Defining Ge’ulah
R. Shimon said: When the Holy One, blessed be He [– HQBH], came to create Adam, the ministering angels formed themselves into groups and parties. Some said, “Let him be created,” while others urged, “Let him not be created.” Thus it is written, ” חֶֽסֶד־וֶאֱמֶ֥ת נִפְגָּ֑שׁוּ, צֶ֖דֶק וְשָׁל֣וֹם נָשָֽׁקוּ׃ — Love and Truth fought together, Righteousness and Peace kissed each other.” [Tehillim 85:11] Love said, “Let him be created, because he will dispense acts of love”; Truth said, “Let him not be created, because he is compounded of falsehood”; Righteousness said, “Let him be created, because he will perform righteous deeds”; Peace said, “Let him not be created because he is full of strife.” What did Hashem do? He took Truth and cast it to the ground. Said the ministering angels before HQBH, “Sovereign of the Universe! Why do You despise Your seal? Let Truth arise from the earth!” As it is written [in the continuing words], “אֱ֭מֶת מֵאֶ֣רֶץ תִּצְמָ֑ח — Let truth bloom up from the earth.” [v. 12]
-Bereishis Rabba 8:5
Man was created with Hashem’s knowledge that with the existence of free-willed beings, Truth would be submerged and have to emerge over time through the process we call history.

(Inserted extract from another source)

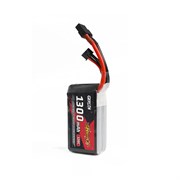 Аккумулятор GEPRC Storm 6S 120с 1300 mAh 1308831052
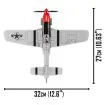 COBI 5806 P-51D Mustang™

The Qetzos haChoshen has a beautiful comment on this medrash. He noted that here truth is described as tatzmiach, blooming. When we make the berakhah after an aliyah, we say “vechayei olam nata besocheinu — eternal life [or perhaps: life of the world{-to-come}] was planted within us.” The Qetzos explains: Torah is the seed from which our medrash tell us Truth blooms.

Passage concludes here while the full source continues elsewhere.